Output the line that contains "Cara Florida Saddle" and every line after it to the end of the entries, with nothing added or left out.
GIVEN DATA START
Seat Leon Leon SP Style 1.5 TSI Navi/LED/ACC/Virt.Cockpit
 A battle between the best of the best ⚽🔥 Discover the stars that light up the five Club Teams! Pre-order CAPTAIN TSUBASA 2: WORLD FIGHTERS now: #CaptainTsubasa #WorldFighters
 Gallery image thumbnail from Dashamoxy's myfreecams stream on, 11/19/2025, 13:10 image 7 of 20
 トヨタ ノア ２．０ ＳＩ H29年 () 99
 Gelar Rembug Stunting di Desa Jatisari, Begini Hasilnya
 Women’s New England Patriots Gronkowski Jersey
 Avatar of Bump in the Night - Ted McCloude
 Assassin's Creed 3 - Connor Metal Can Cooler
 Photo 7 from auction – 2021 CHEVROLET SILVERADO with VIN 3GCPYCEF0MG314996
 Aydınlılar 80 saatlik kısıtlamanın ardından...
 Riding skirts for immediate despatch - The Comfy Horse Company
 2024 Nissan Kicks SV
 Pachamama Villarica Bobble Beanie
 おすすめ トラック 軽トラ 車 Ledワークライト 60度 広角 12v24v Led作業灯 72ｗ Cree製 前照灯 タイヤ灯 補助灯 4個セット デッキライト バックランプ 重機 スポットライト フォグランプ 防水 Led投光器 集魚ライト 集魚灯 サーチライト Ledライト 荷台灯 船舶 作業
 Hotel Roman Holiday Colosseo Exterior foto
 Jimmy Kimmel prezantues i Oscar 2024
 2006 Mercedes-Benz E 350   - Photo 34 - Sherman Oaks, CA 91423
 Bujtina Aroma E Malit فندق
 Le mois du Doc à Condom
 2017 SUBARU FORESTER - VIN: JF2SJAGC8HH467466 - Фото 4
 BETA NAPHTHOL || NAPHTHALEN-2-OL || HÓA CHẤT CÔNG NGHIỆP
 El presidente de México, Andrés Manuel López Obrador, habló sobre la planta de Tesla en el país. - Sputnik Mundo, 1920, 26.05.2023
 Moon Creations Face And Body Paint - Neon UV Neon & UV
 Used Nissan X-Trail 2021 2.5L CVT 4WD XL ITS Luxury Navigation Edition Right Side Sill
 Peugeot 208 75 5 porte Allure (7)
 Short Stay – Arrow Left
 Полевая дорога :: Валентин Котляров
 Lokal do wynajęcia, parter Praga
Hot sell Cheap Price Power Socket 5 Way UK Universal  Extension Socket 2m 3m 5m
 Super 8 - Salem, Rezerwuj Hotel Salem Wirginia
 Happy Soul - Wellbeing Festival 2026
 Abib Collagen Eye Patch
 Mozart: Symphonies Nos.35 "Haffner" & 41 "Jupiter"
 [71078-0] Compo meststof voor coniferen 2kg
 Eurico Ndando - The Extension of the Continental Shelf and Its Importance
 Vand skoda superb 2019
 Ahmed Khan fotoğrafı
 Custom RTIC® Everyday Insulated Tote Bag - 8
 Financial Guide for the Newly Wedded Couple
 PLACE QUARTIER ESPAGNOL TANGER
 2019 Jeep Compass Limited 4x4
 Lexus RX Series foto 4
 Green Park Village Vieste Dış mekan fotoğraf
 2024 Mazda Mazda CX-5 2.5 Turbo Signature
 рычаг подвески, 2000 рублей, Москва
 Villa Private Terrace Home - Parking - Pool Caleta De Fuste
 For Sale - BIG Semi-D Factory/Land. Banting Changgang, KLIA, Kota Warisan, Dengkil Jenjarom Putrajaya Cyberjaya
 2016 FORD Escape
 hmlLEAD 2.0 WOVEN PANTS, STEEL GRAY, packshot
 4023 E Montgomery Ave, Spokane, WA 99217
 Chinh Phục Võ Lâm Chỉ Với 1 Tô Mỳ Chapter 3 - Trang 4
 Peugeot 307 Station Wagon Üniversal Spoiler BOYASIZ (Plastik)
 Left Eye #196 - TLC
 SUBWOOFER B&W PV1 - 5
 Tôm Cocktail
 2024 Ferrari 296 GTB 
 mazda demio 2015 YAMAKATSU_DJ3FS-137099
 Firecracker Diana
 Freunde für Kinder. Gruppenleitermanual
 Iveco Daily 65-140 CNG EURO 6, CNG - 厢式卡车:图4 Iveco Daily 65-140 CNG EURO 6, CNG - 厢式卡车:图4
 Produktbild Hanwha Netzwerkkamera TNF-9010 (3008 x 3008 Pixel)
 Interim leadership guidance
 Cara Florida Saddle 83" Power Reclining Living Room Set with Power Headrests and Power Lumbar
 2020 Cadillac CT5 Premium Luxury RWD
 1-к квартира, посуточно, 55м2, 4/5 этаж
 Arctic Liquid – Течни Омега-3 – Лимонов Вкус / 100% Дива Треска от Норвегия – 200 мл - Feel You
GIVEN DATA END
OUTPUT BELOW
 Cara Florida Saddle 83" Power Reclining Living Room Set with Power Headrests and Power Lumbar
 2020 Cadillac CT5 Premium Luxury RWD
 1-к квартира, посуточно, 55м2, 4/5 этаж
 Arctic Liquid – Течни Омега-3 – Лимонов Вкус / 100% Дива Треска от Норвегия – 200 мл - Feel You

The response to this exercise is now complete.